#Reviewing: Africa and Global Society: Marginality, Conditionality and Conjecture
“Africa and Global Society: Marginality, Conditionality and Conjecture.” Stephen Wright. In Africa in the Post-Cold War International System. Edited by Sola Akinrinade and Amadu Sesay. London; Washington: Pinter, 1998.
Political and strategic approaches to Africa have recently been parceled into bins based on interests: Great Power Competition, China and the Belt and Road Initiative, Russia and Wagner, and Violent Extremist Organizations, to name a few. But what is new is also old. As Stephen Wright pointed out in “Africa and Global Society: Marginality, Conditionality and Conjecture,” the characteristics of this pattern are connected, and manifest today as a symptom of Africa’s economic and political marginalization in the post-Cold War era.[1] In brief, the consequences of colonial extraction and then Cold War stratification were a result of short-term thinking—they must not be repeated. Great powers in particular must realize that to proceed with a second “Great Scramble—fueled in part by a delayed U.S. realization of the scope of Chinese entrenchment on the continent—is a myopic perspective.
Wright’s “Africa in Global Society,” despite being twenty years old, contains a set of timeless lenses for viewing Africa in the contemporary era: Regionality, Continentality, New Issue solutions, and Democracy. When analyzed through this four-pillared framework, strategic and political engagement strategies may be more coherently framed and contextualized to facilitate the elusive whole-of-government approach.
The Four Lenses: Regionality
According to Wright, regionality is both a lens for viewing African problems and a method of application. It encompasses a variety of techniques that include indigenous peacekeeping arrangements, non-aggression pacts, and a greater role for African regional organizations in providing political, developmental, and security cooperation within the continent.[2]
Regionality is best conceptualized through economics. Wright notes that African economics performed well in the 1960s and 1970s before Structural Adjustment Programs (SAPs) were introduced, and that it was really the second oil crisis in 1979 that undermined terms of trade and prevented economic recovery.[3] SAPs were looked to as a continental solution, but their conditionality only further weakened African economies, enhanced the power of International Financial Institutions (IFIs) like the World Bank and IMF, and weakened African state sovereignty.[4] Economists today have likewise noted that Economic Partnership Agreements (EPAs) have had a similar effect in the modern era, despite their attempts to expand intraregional trade. EPAs attempt to rationalize the overlapping memberships and unwieldy mandates of African regional economic organizations instead of allowing African states to develop them on their own.[5] These efforts are undermined by European fears of migration, which drive impatience and micromanagement.

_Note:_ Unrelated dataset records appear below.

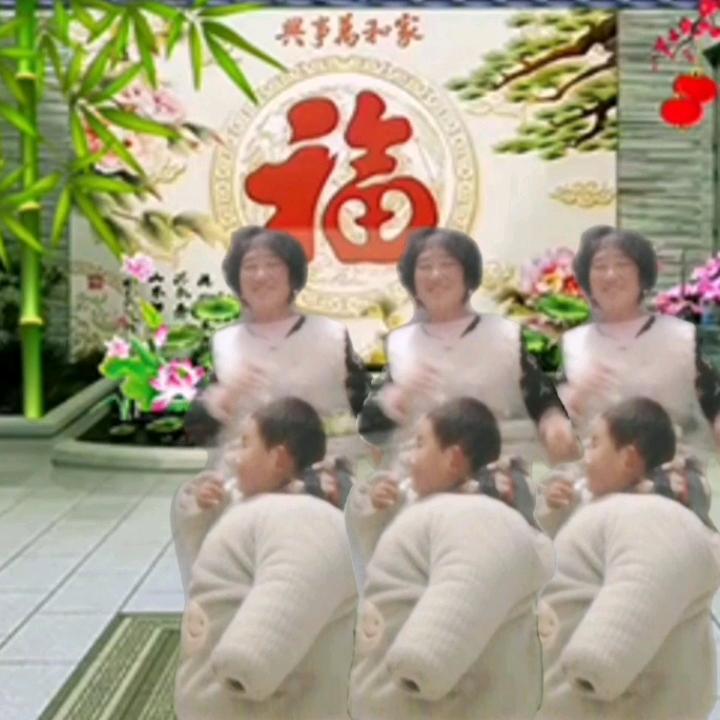 赵爱英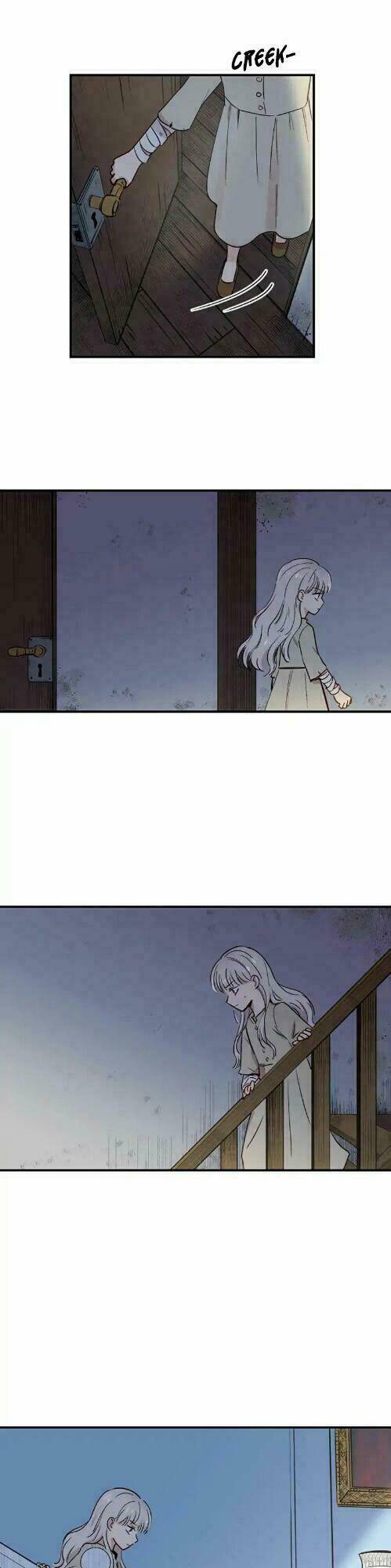 bản khế ước với nữ công tước ác ma chapter 2.2 7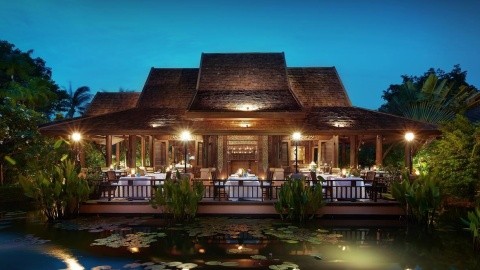 Bo Phut Resort & Spa – fotografie 5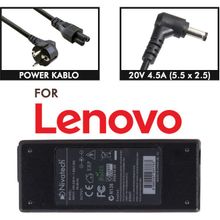 Lenovo İdeapad S400 Z500 Uyumlu Notebook Adaptör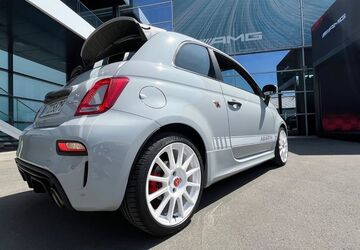 Abarth 695 36.500 km 27.300 &euro; Winnenden 71364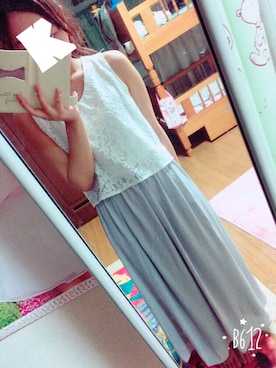 かなさんのコーディネート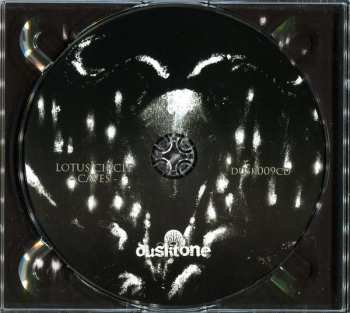 CD Lotus Circle: Caves DIGI
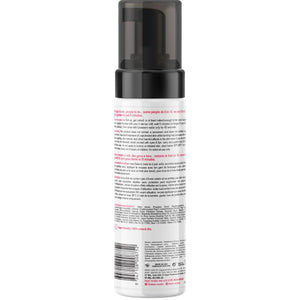 b.tan Pre-Shower Self Tanner Mousse | Ain't Nobody Got Time for That - Fast, 9 Minute Express Sunless Tanning Foam, No Fake Tan Smell, No Added Nasties, Vegan, Cruelty Free, 6.7 Fl Oz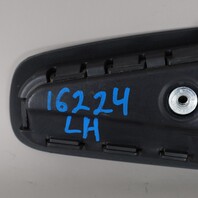 2005-2012 Porsche 911 997 Boxster Cayman 987 Left Seat Airbag Black OEM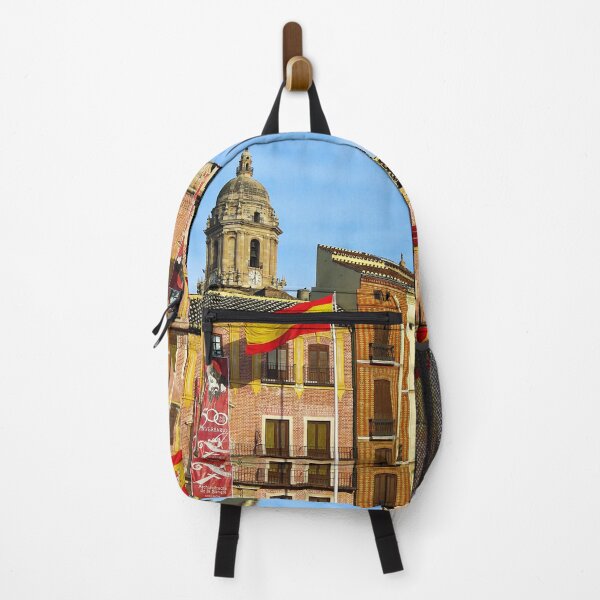 Item preview, Málaga designed and sold by Maria Gonzalez.
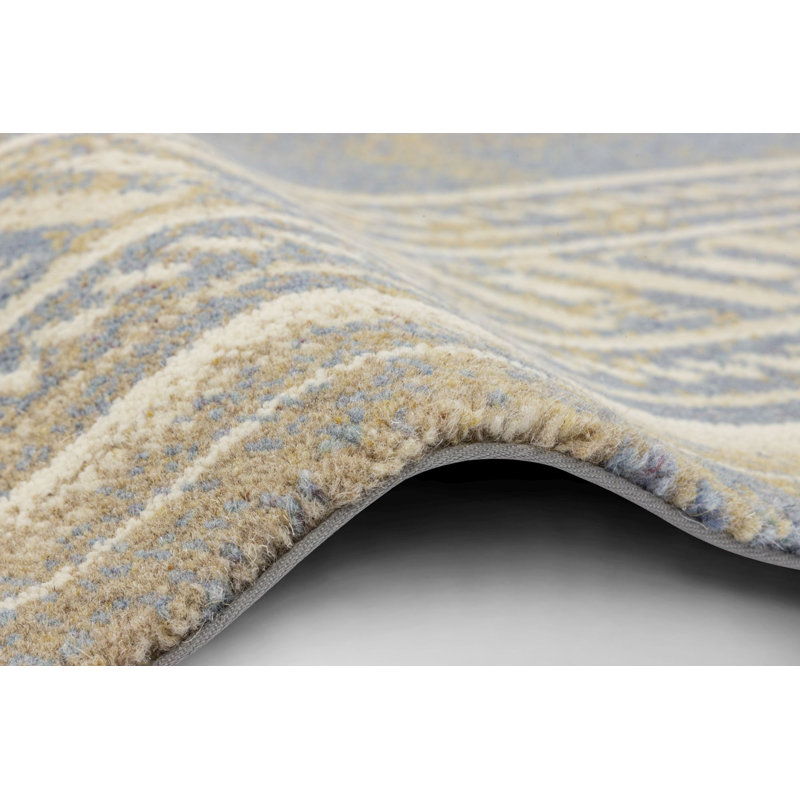 Emily Persian Area Rug, Rectangle 100 x 180cm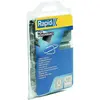 Rapid, Tackerklammern + Tackernägel, VR38 Ringklammern 300 Stück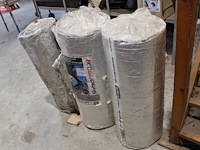 Twee rollen isolatiemateriaal skytech pro xl - afbeelding 1 van  3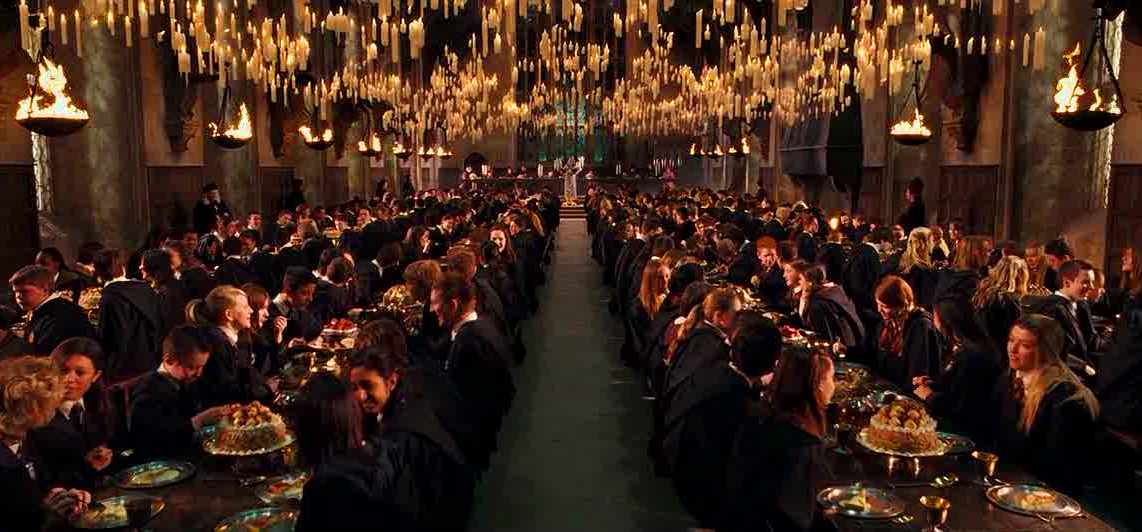 harry potter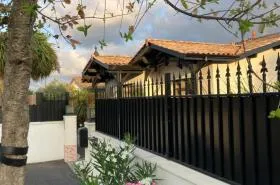 Les lodges du Bassin d'Arcachon - photo 15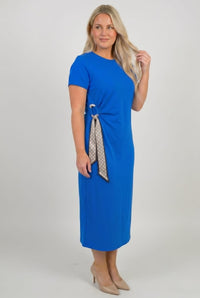 Női ruha, plus size 2202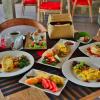 pradja slumbung villas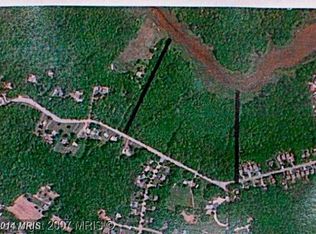 968 Franklin Manor Rd, Churchton, MD 20733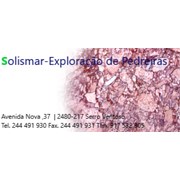 Solismar-Exploração de Pedreiras ( Porto de Mós )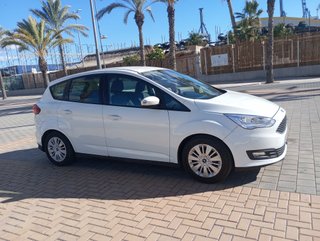 Ford C-MAX 2019 diésel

Solutions for migration have likewise failed to allow for African resolutions.
It is against this EU approach that Regionality has been galvanized. As an example, civil society organizations associated with the Economic Community of West African States (ECOWAS) forced the EU to make concessions, eliminating quotas and tariffs for access to markets for various products such as beef, dairy, cereals, fruits, and vegetables.[6] In this case, this solution was not entirely successful, but it did provide a framework: regional solidarity provides a balance against overreach.[7]
Solutions for migration have likewise failed to allow for African resolutions. Spain’s bilateral agreements with West African countries and the EU’s creation of the European Border and Coast Guard (EBCG), or FRONTEX, have not succeeded, and are reactive in nature.[8] The EU should instead incentivize and partner with ECOWAS in a manner that facilitates African solutions, because Spain’s problems will soon be the EU’s. The EU must realize that for the long term, African states must develop their own regional fixes. Wright forewarned of such a short-sighted and ad hoc approach, observing a pattern of European disinterest in Africa rooted in intra-European and Asian trade expansion following the Cold War.[9] The collapse of the Apartheid regime in South Africa also decreased European policy interests on the continent. To dictate European terms then stems from a desire for an easy solution to a low priority region. It may appear to address short term issues, but it delays the effects of the long-term migration crisis, one that will only be worsened through economic dependency on foreign entities.
Continentality
Wright highlights continentality again through an economic framework, pointing to the need for—but unlikely success of—the African Economic Community (AEC) or a Federation of African States.[10] Continentality in its most simple form is a mindset. It may be achieved first through the strengthening of regionality from the African perspective, and then through outside methods of universal appeal like humanitarian aid from non-African states.
…the international community must orient its approach through African sovereignty to achieve mutual benefit–a necessity for African state development–that will contribute to better indigenous management of economies, migration, and conflict.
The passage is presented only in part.